Nonetheless, I also had a deep sense, a sense as strong as my sense of life itself, that that wasn’t all there was to it. I was seventeen, I knew there was more to being black than being a loser; and if winning meant becoming white, as far as I was concerned, you could keep it. Perhaps obsessively, I had retraced the contours of my experience along the logic of Baldwin’s paragraph. In a way far beyond my ability to think or talk about it, it felt very much like the “criminal conspiracy” Baldwin goes on to describe in “A Talk to Teachers,” and the stakes did feel like survival or destruction. The codes were racial but the rules of skin color could not account for all of it.
As far as I can remember, the only book I read in high school was The Price of the Ticket, and I don’t think I ever took it to school. As I read and reread those essays “in order to live,” I pieced together a way to be in the world, a way to be in my sense of being. It was an essentially American way of being. No other country of origin could account for my sense of experience, of what life was about and what that felt and sounded like, my sense of aspiration and my sense of a conspiracy that threatened everyone, in a blizzard of different ways, with a racially coded choice between literal and spiritual destruction.
But, because America had refused to be itself, all I knew was that my sense of world and self was basically, undeniably, and indelibly black. This was true, somehow, despite the color of my skin and the “race” of my parents. Allowing the world to convince me otherwise felt like a betrayal of myself—and people I loved—that I couldn’t survive.

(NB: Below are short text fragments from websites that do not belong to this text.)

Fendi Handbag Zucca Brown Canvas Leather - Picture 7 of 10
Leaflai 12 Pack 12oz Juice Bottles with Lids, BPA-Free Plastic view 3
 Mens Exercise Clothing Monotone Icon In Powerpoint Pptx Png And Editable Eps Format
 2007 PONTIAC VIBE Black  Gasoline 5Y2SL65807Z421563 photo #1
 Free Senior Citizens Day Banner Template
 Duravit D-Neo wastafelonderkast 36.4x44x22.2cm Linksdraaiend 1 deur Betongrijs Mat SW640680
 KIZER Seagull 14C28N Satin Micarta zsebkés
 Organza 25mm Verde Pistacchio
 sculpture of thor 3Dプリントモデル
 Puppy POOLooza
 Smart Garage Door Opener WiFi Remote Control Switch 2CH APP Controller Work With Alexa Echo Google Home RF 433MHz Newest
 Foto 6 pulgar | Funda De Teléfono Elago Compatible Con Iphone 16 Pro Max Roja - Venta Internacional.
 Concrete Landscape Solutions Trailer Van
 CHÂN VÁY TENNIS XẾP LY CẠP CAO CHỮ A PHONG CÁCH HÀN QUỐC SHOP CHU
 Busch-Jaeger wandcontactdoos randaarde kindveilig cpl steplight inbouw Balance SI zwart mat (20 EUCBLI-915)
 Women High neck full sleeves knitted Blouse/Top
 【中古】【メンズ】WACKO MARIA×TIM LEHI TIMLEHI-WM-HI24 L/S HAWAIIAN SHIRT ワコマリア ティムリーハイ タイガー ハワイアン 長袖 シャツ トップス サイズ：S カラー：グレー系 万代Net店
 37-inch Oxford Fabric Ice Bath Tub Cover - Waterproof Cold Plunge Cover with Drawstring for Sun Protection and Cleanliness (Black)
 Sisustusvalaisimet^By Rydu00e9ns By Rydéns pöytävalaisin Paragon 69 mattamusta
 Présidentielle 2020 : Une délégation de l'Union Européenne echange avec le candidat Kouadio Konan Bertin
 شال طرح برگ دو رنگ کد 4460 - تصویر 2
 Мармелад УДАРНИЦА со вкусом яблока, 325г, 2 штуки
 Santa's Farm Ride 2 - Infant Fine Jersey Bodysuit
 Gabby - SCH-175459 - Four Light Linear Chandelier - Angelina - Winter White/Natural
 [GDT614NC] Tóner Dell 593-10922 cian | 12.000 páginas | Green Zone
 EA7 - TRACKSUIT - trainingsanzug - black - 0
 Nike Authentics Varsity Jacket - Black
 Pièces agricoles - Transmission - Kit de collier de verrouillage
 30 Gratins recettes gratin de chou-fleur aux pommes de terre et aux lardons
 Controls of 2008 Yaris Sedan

So, the battle was on. As it is said, praise the Lord and pass the ammunition. In the years to come, at construction sites on which I would work, and in college, and in the ways my life circled me back to Chicago, then exploded, these questions would expand and contract and intensify in ways that, eventually, would force me to begin to script it out on paper, by myself. I would start to retrace the story on pages that, in 2016, in the weeks after my forty-ninth birthday, would lead to these pages and, I hope, by whatever grace, beyond.